Permissionless tokenized stocks allow anyone to trade on a public blockchain at any time, opening up the U.S. capital markets to global investors, but they may also become breeding grounds for insider trading and manipulation. The KYC-based permission model, while maintaining market fairness, limits the core advantage of global access for tokenized stocks.

We believe tokenized stocks will reshape DeFi. The mission of DeFi is to build open, programmable financial primitives, but it has primarily served crypto-native tokens until now. The introduction of tokenized stocks unlocks entirely new use cases. The structure of tokenized stocks will determine the next wave of user and liquidity allocation:

· In permissioned models, traditional institutions like Robinhood that have user relationships dominate the frontend, while DeFi protocols can only compete for liquidity on the backend.

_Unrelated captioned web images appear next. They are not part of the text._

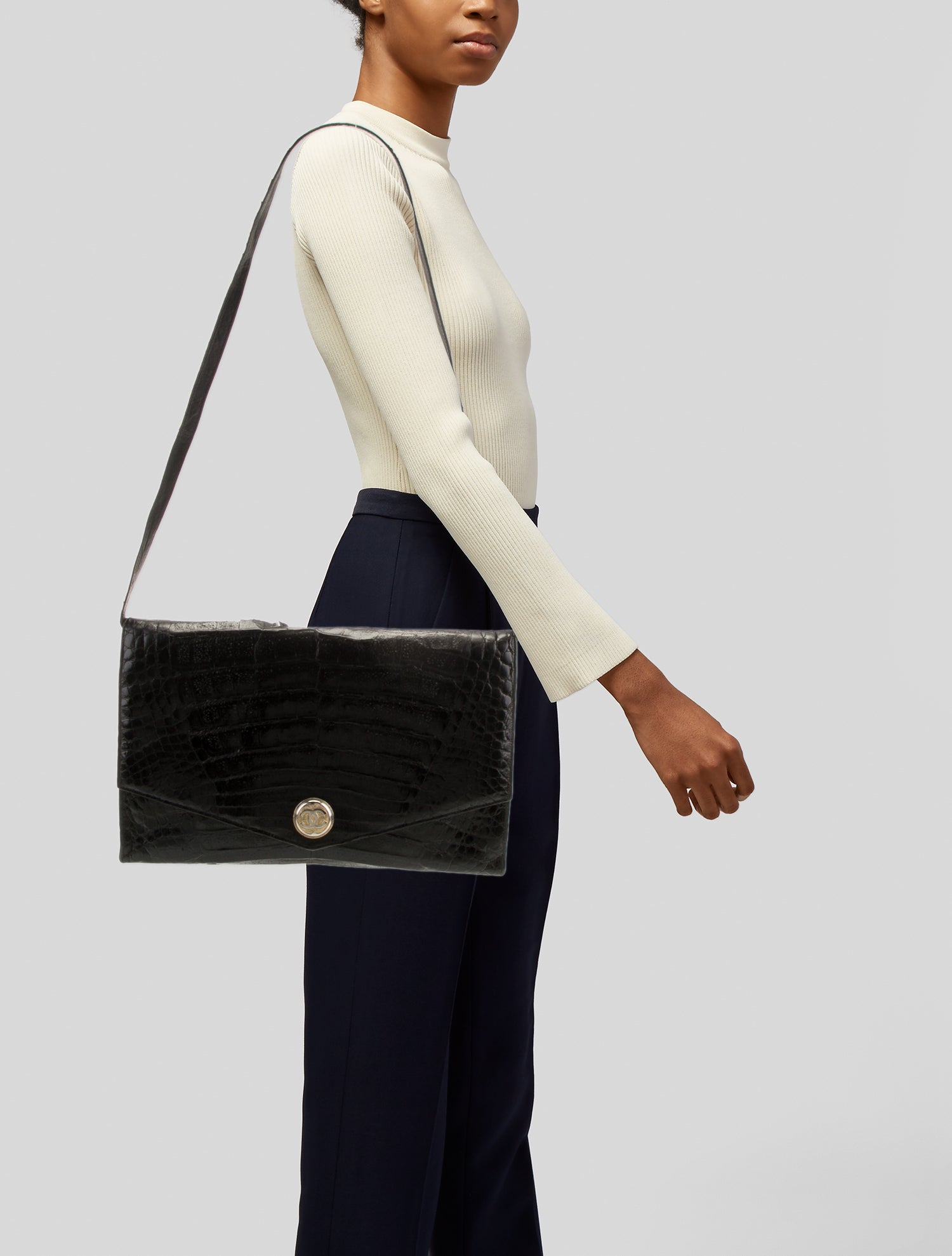 Chanel Vintage CC Crocodile Shoulder Bag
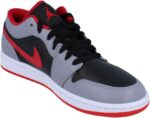 Jordan Men's 1 Low Black/Fire Red-Cement Grey  Basketball - Image 4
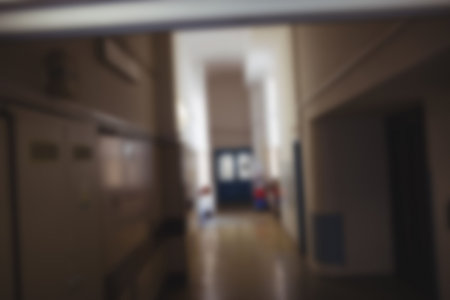 Blurry empty corridor in a hospitalの写真素材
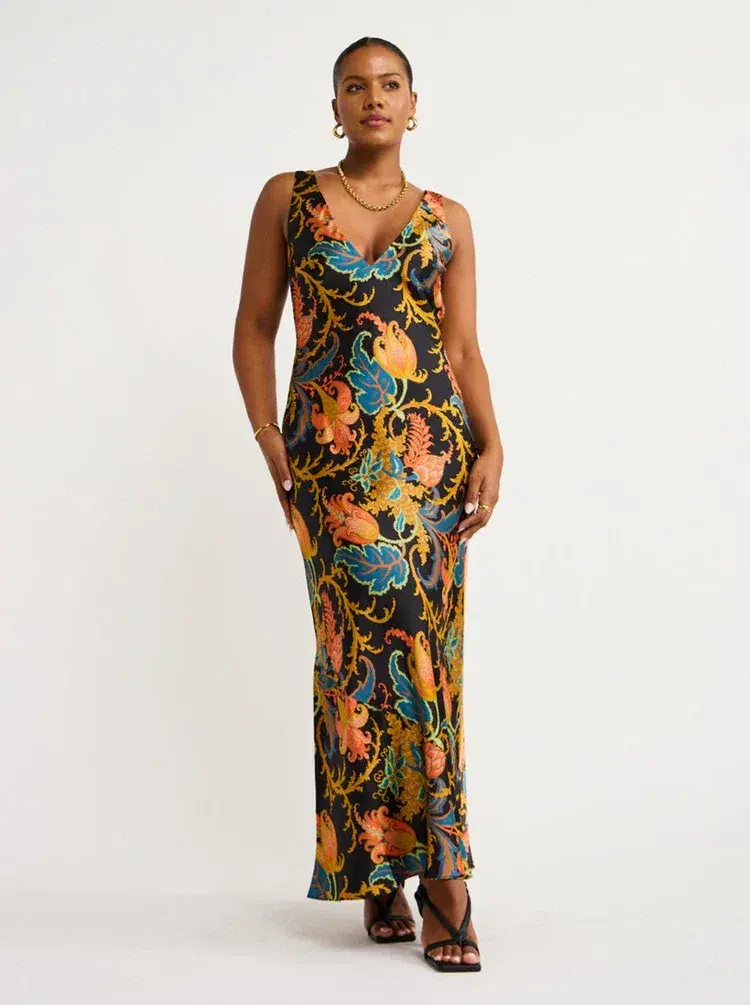 Sir The Label Artiste V Neck Slip Maxi Dress Deschamps Size 0/AU 6 for rent on The Volte - main image
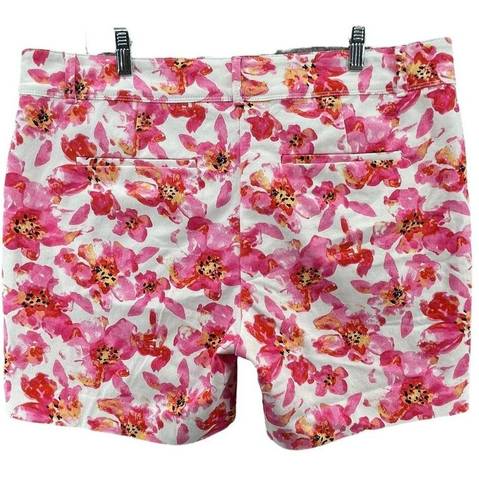 Isaac Mizrahi  Shorts Women 16 Pink Floral Water Color High Rise Stretch Tropical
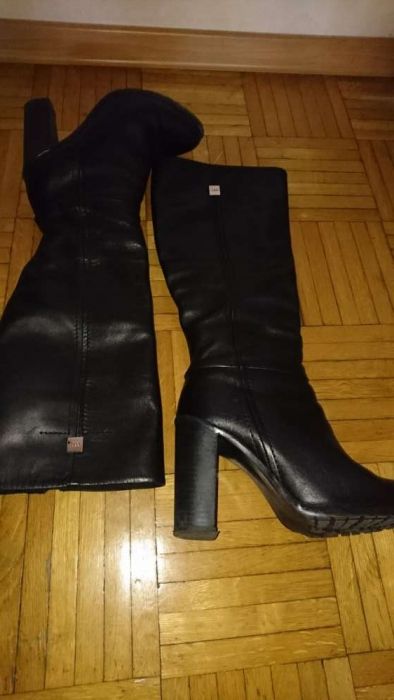 Zimowe ocieplane skorzane Kozaki Carinii 37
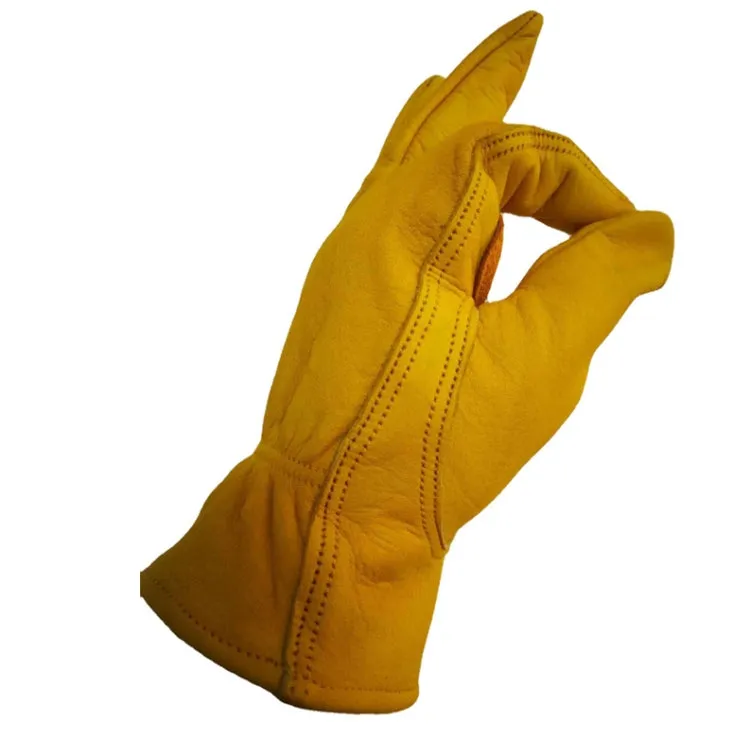 1 Pair JJ-1004 Outdoor Garden Welding Genuine Leather Labor Safety Gloves, Size: S(Yellow)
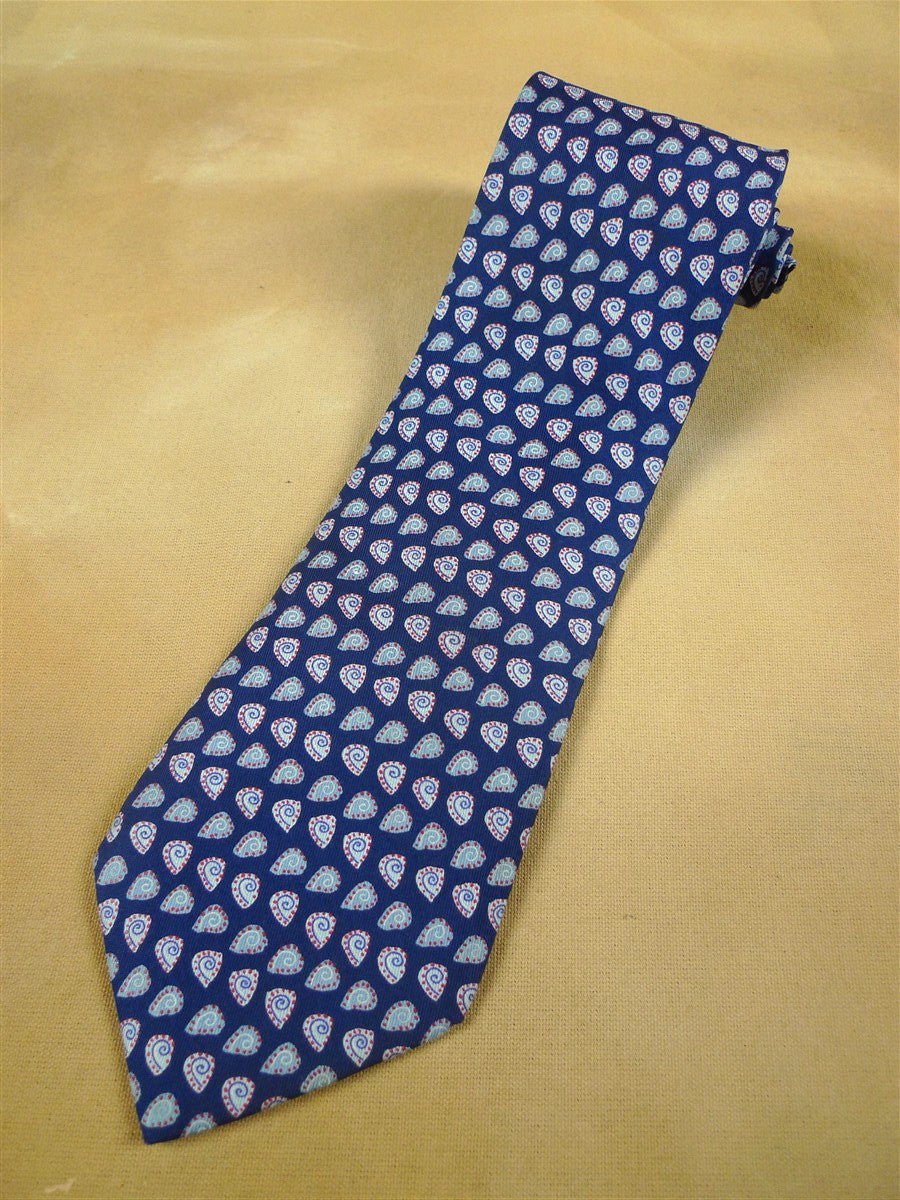26/1077 hermes blue / grey & red pattern silk tie 5068pa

· In a permissionless model, DeFi protocols can simultaneously control users and liquidity, creating a truly open global market.

Hyperliquid's HIP-3 upgrade perfectly illustrates this vision: through staking protocol token allocation of oracles, leverage, and funding parameters, anyone can create a perpetual contract market for tokenized stocks. Robinhood and Coinbase have launched stock perpetual contracts in the EU, but their model remains more closed and less composable compared to DeFi. If it stays on an open track, DeFi will become the default venue for programmable borderless financial engineering.

Bitcoin's market capitalization surpasses Google's.

By 2025, Bitcoin will leap to become the fifth largest asset globally with a market capitalization of $21.28 trillion, surpassing Google. Driven by institutional adoption, the approval of spot Bitcoin ETFs, and clear regulation, Bitcoin has broken past $106,000. This milestone event proves that programmable currency has found a clear product-market fit.

Looking ahead

As Dan Morehead said, investing in cryptocurrencies offers returns unparalleled by traditional markets. This is precisely why traditional public markets and the crypto domain are accelerating their financial and structural integration:

· Digital asset treasuries and crypto IPOs provide public markets with exposure to crypto finance.

· Stablecoins and tokenization utilize cryptographic technology to optimize traditional market structures.

In ten years, crypto will no longer be a niche market discussed by tech enthusiasts, but will become a core technology supporting everyday life.